In a piece titled Piercing Illusion of Trump’s ‘Immigration Ban’, Michelle Malkin described Trump’s order as “all moratorium hat and no cattle.”

She listed the following reasons why the order failed to meet America First standards:

 

  • All new green card applications and routine visa processing were already suspended on March 20.
  • Refugee resettlement was already suspended the same week and is scheduled to be frozen until at least May 15 (although more than 1,000 Afghan refugees were flown in over the past month while the rest of us have been ordered shut in our own homes).
  • Foreign travelers from China and Europe, plus Canada and Mexico, were already barred from entering (though thousands of H-2A and H-2B agricultural and seasonal workers got in and some 35,000 more expect a green light despite virus outbreaks at Chinese-owned meat plants packed with foreign laborers).
  • The annual H-1B lottery for Chinese and Indian tech workers was completed last month and a total of 475,000 H-1Bs are safe while untold thousands of American STEM students, graduates and workers lost their livelihoods.
  • Despite massive layoffs of H-1B workers in tech, there is no move to send them home. Instead, immigration lawyers are outrageously advising H-1B and other temporary visa holders (including those in the L-1, B-1 and R categories) that they are eligible for stimulus checks.
  • More than a million F-1 foreign student visa holders remain in the country, including nearly 400,000 from China, as do hundreds of thousands of foreign students who secured Optional Practical Training work permits in STEM fields, displacing American workers.
  • More than 4,000 J-1 foreign health worker visas were freed up earlier this month while American medical professionals lost their jobs. The American Medical Association, which has artificially suppressed the supply of doctors for decades to inflate wages, is whining about shortages and pressuring to relax J-1 rules and time limits even further.

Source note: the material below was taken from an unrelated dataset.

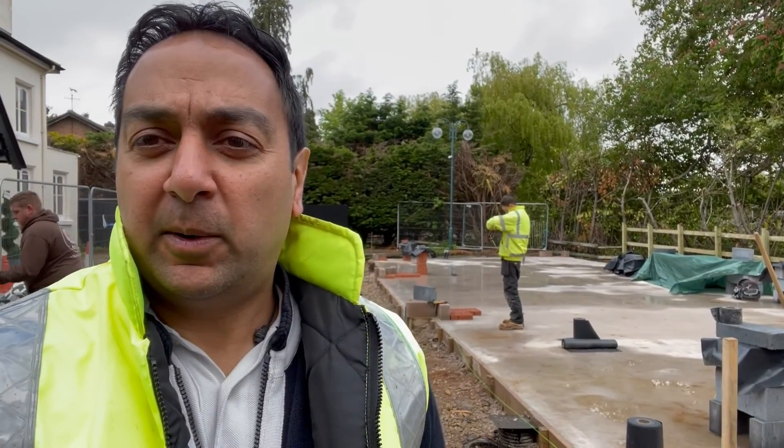Hey YouTube, I'm Sanj, welcome back to my channel Sanj Designs where I'm building a six car smart garage. The blocks are arriving today and the guys are going to be showing you how they're going to be doing the damp proof course. If you want to know some hints, some tips and tricks of the trade, stay tuned.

All in all, this order was a big dud.

America First advocates must continue holding President Trump’s feet to the fire.

When push comes to shove, America First will need both chambers — House and Senate — to have solid America First Republican majorities.

That way, migration restriction legislation can be sent to President Trump’s desk, without having to rely on just the executive branch — which has proven reluctant to act on the issue — to get migration restriction to move forward.